I've been following these posts for quite some time now and have been looking forward to the time when I could chime in and perhaps contribute. This certainly has been a great help to me and my ordeal. At this time I am 6 months post op. I can say now that I'm definitely on the road to recovery but it has not been easy. After reading about some of the other ANers, I guess one could say, I’ve had a rough time.
My story is that I discovered I had an AN in 2007, watched and waited for 6 months, found that it was growing and had Cyberknife radiation treatment in 2008. Things were fine for one year. The next year the doctor found that it had grown. I was scheduled for and had translab surgical removal on Dec 28, 2010. Everything appeared to go great and three days later I was home from the hospital. Unfortunately, I developed a CSF leak along with the heavy-head and headaches that come with that. On Jan 13 I went to see my doctor to have my stitches removed, and she suggested that they do a lumbar drain to remove some of the fluid and relieve the headaches and prepare for CSF leak surgery. The lumbar drain procedure was painful for me. Unfortunately it required me to be on my back (for the most part) for 5 days and I ended up with a massive pulmonary embolism (blood clot in the lungs). I stayed in the hospital 12 days for that. I came home and had to be on blood thinners. The worst part of this was the “Lovenox†injections that I had to give myself in the stomach until I was therapeutic and could progress to Coumadin. I was told I would probably be off of the Lovenox injections in about 5 days - it took 20 long days. In addition to that, I somehow developed severe lower-back/upper-thigh/sciatic nerve-type pains. I was miserable.
After I was cleared by the heart and pulmonary doctors, I was again scheduled to have surgery to fix the CSF leak. This was to happen on March 15. Of course I wasn't looking forward to this but I had to get it over with. Well, 5 days before this scheduled surgery, I contracted meningitis. Thank God for my nervous family members because never in my wildest dreams did I think I this would happen to me; I was about to ignore the symptoms. They rushed me to emergency at a local hospital, which pumped me full of steroids and antibiotics and shipped me to my ENT and neurosurgeon doctors. I then had a lumbar puncture which was another nightmare for me. This time I stayed in the hospital for 7 days. I came home with a peripherally inserted central catheter (PICC line) in my arm to continue the antibiotics for another two weeks.

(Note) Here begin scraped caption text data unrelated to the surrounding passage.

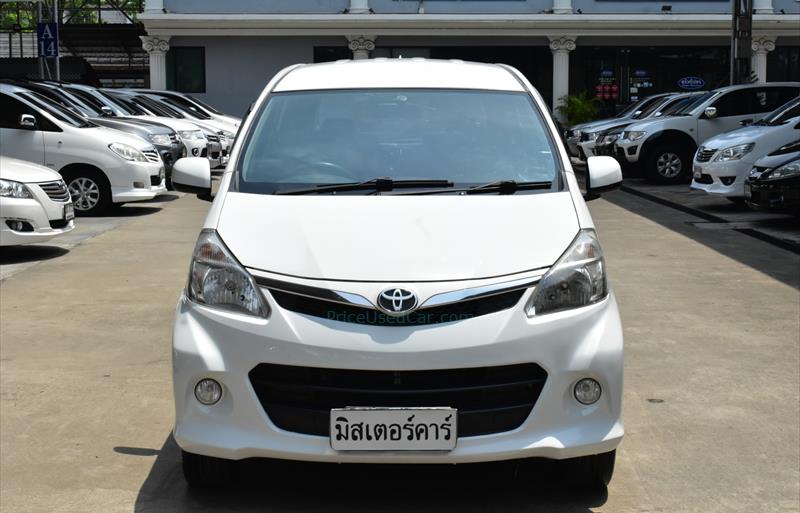 ขายรถเก๋งมือสอง toyota avanza รถปี2013 รหัส 71602 รูปที่2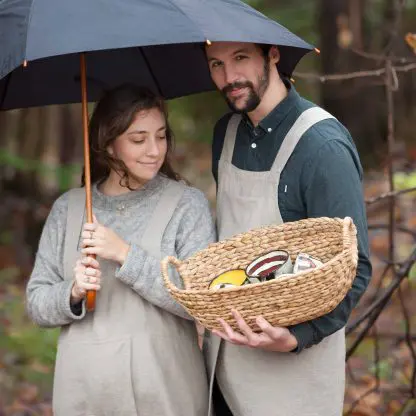 The Potter's Apron | Pure Eco Linen | Unisex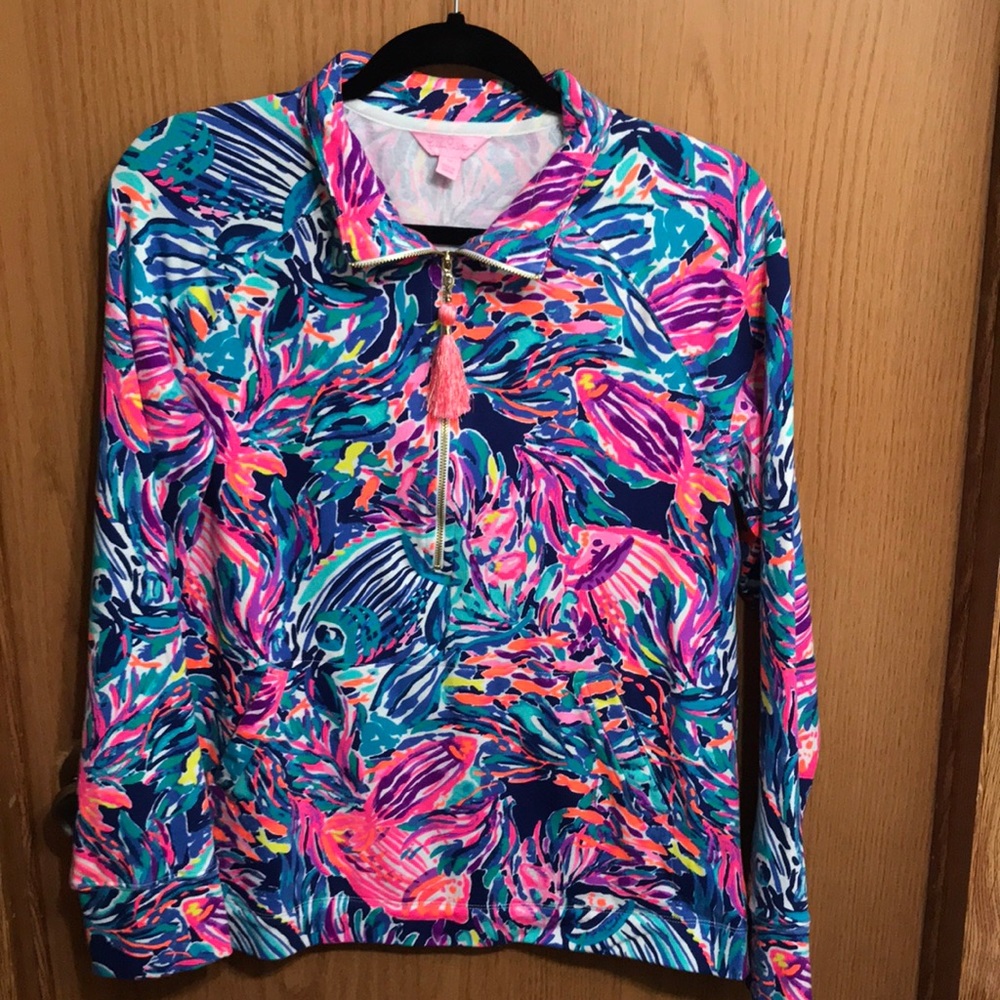 Lilly Pulitzer popover, size medium, NWOT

Meanwhile I still had this CSF leak and my next scheduled appointment for that surgery was April 12. However, on March 26 I got severe pains in my chest and I was terrified. Normally I'm not one who rushes to the ER but with all that had gone wrong I didn't want to take any chances. The ER doctor advised me it might be gall bladder problems. Even with all of the pain I was in, this seemed trivial compared to everything else and would have to be put on the back burner. I finally had my CSF leak surgery on April 12 and all appeared to go well…for about two weeks…when the leak started again. On May 26 I went in for outpatient surgery to have that repaired. So far, there have been no more problems with that. On June 2 I had the gall bladder removal surgery and am recovering well from that.
So, here I am. I can’t believe I’m still here to tell my story. I also ended up with the typical AN problems such as facial paralysis, eye issues, fatigue, and balance issues. But, I feel great considering what I went through. I kept reading the posts here where everyone said things would get better. That kept me going even though it was hard for me to believe at the time. Thank you all for being there for me even though you didn’t know you were. I’m now hoping to be able to do the same for someone else.